Ces caftans et autres vêtements proviennent des villes et des campagnes du Maghreb. Il s’agit en fait d’une collection unique dans le monde. Une collection qui valorise « un patrimoine fragile », selon son initiateur. L’histoire de cette collection est aussi curieuse qu’instructive. Dirigeant des sociétés pharmaceutiques, Azedine Sedrati a buté à maintes reprises contre les sensibilités qui enveniment quelque peu les relations entre les trois principaux pays du Maghreb. Convaincu que ce que les politiques peinent à réaliser, la culture peut le faire, il nourrit alors le projet d’offrir une vision synthétique de la société maghrébine par le biais du costume. Ces costumes rendent compte des liens sociaux et culturels qui unissent ces pays, et permettent de se jouer des frontières géographiques en soulignant une Histoire en commun. D’autres personnes ont été sensibles à son projet, et c’est ainsi que la Fondation maghrébine s’est mise à la constitution d’une mémoire vivante des habitants d’une région. La ville qui abritera ce musée a déjà été choisie. Marrakech ! « Marrakech est la capitale des Almohades, dynastie qui avait rassemblé les pays du Maghreb, c’est aussi la ville où a vu le jour l’UMA (Union du Maghreb Arabe), et enfin parce que la ville présente des conditions climatiques optimales pour la conservation du fonds du musée », souligne Sedrati.
Amina Snoussoui, une Algérienne qui vit au Maroc, a réalisé l’architecture du bâtiment. Il s’étend sur une superficie de 13 500m2 et occupe un espace de près de 3 hectares. La collection du musée s’élève actuellement à 900 costumes et 300 parures. Ce fonds est appelé à s’accroître.

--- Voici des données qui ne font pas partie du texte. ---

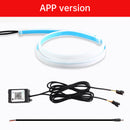 Ultra Thin Car LED Headlight Daytime Running Iridescent Light Eyebrow Strip With APP Controller 60cm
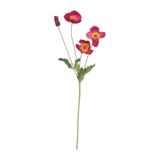 Yapay Çiçek Gelincik Çiçeği Pembe Koyu Renk 3 Çiçek 1 Tomurcuk 59cm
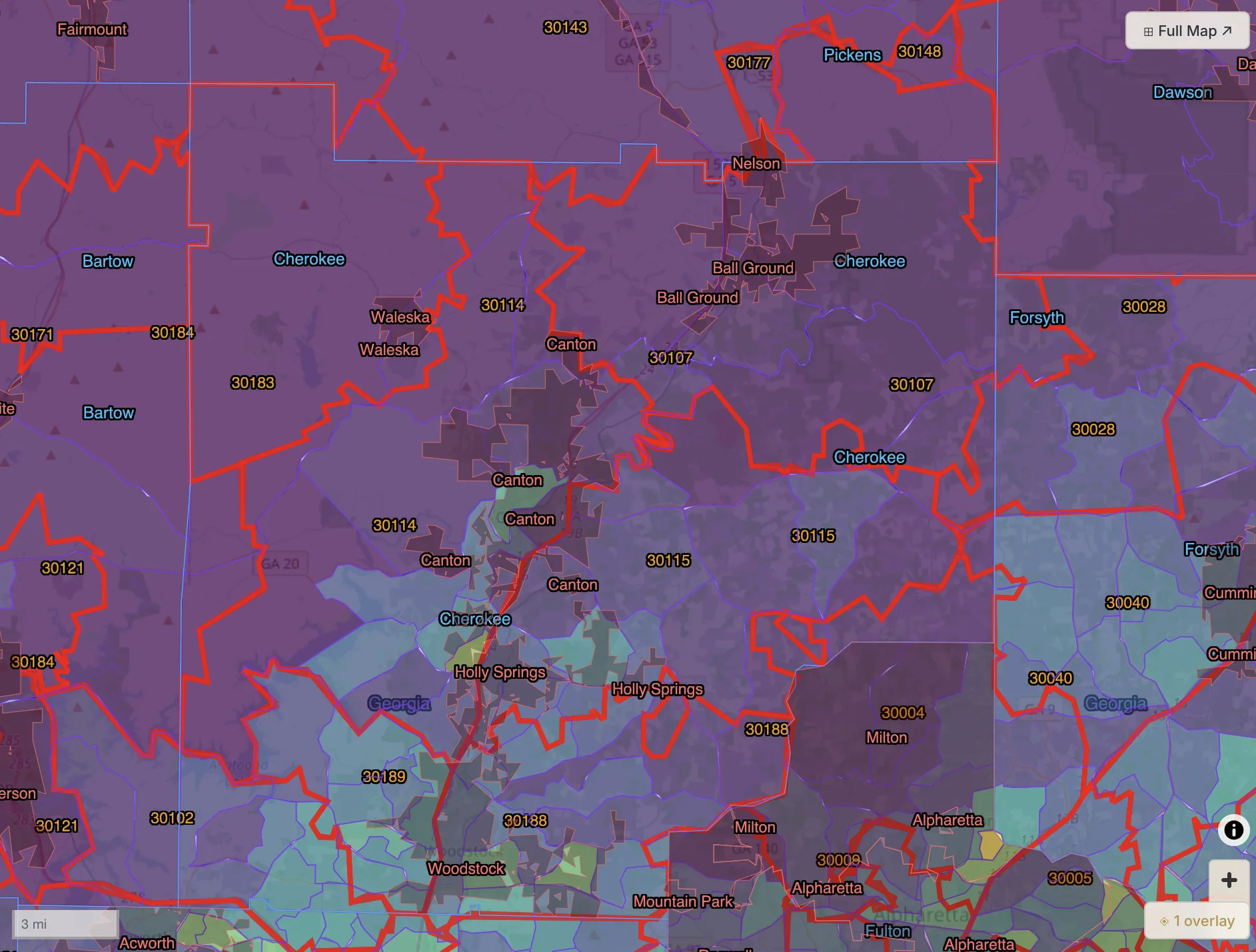 Three ZIP codes from North Georgia: By population density
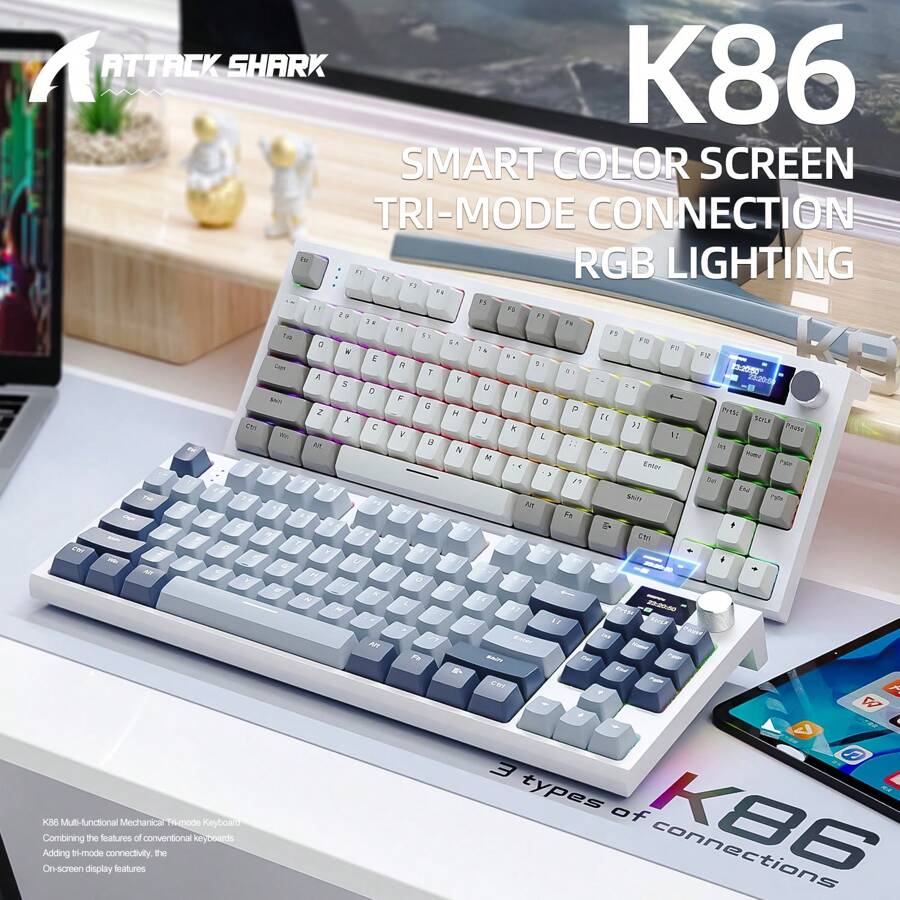 K86 RGB Bluetooth 2.4G Wired Backlit Customizable Hotswap Mechanical Keyboard With Display Screen - Multicolor - View 1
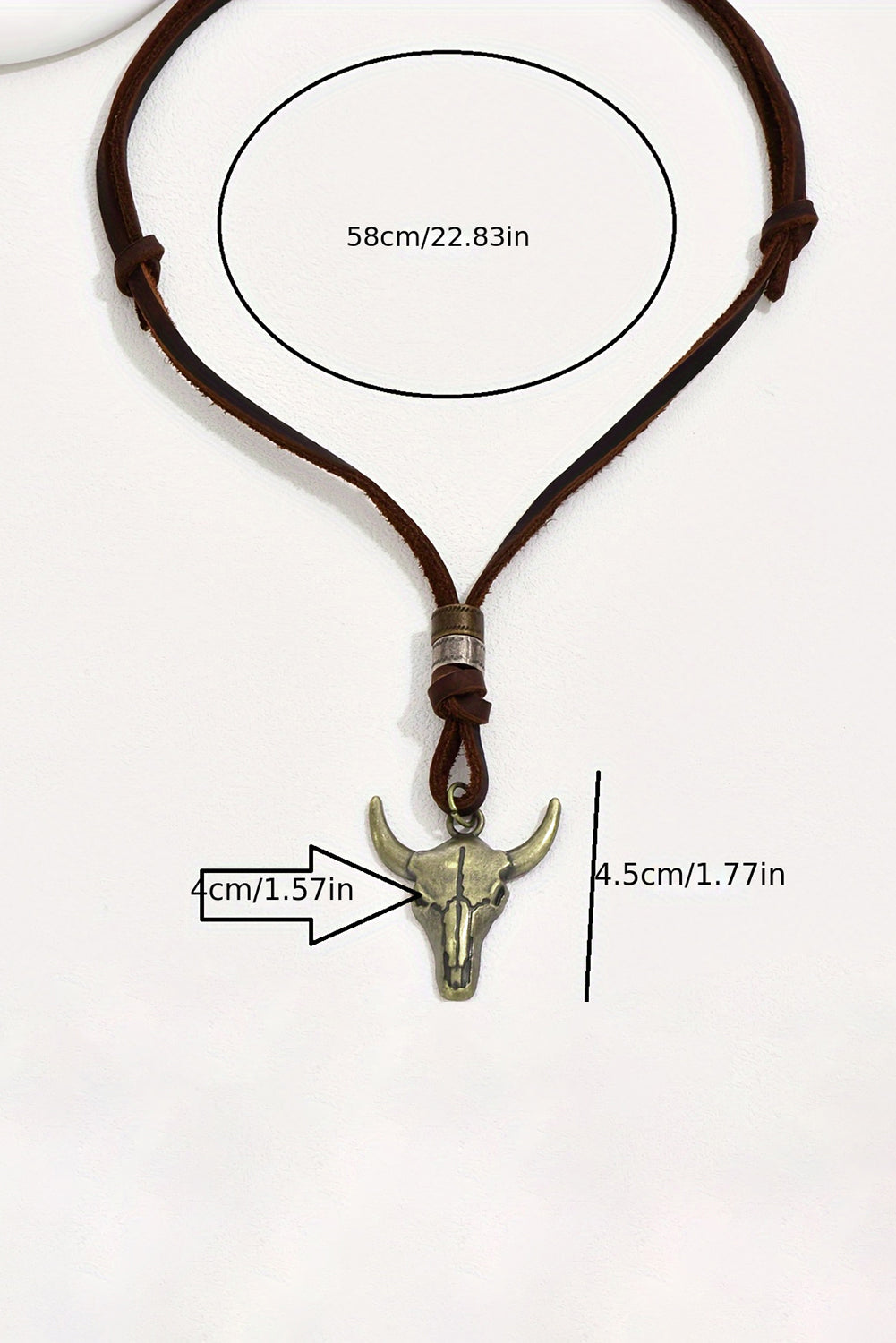 Coffee Western Steer Head Pendant Necklace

L’architecture du musée répond aux critères les plus modernes en matière de muséologie. Elle comprend 25 scènes qui font revivre selon une scénographie qui permet au visiteur de se représenter la vie des vêtements, leur mode de confection et le décor dans lequel les gens qui les portaient évoluaient. La plaquette du Musée du costume traditionnel du Maghreb comprend également une salle d’exposition temporaire, un patio pour accueillir les défilés de mode, un restaurant-café, une salle pour l’exposition de 200 photographies présentant le costume maghrébin dans sa quotidienneté, une salle où sont exposés des peintres orientalistes et une salle de conférence et de projection. Cela dit, faire un musée est une entreprise périlleuse en raison des lourdes charges que le fonctionnement de cet établissement nécessite. Des charges relatives pour l’essentiel à la conservation des collections dans un environnement optimal. En réalité fragiles, les costumes nécessitent un délicat et constant travail de conservation. La prolongation de leur espérance de vie en dépend. Cette conservation est coûteuse : système de dépoussiérage, protection contre les rayons ultra-violets, hygrométrie, sécurité.
Toutes ces opérations relatives à la muséologie ont été réfléchies par les concepteurs du projet du musée de Marrakech. Il reste aux personnes sensibles à l’esprit de ce musée d’augmenter ses collections par des dons. Il reste aussi à ses initiateurs de faire preuve d’une grande opiniâtreté, parce qu’entre la conception d’un projet et sa réalisation, un chemin laborieux reste à parcourir.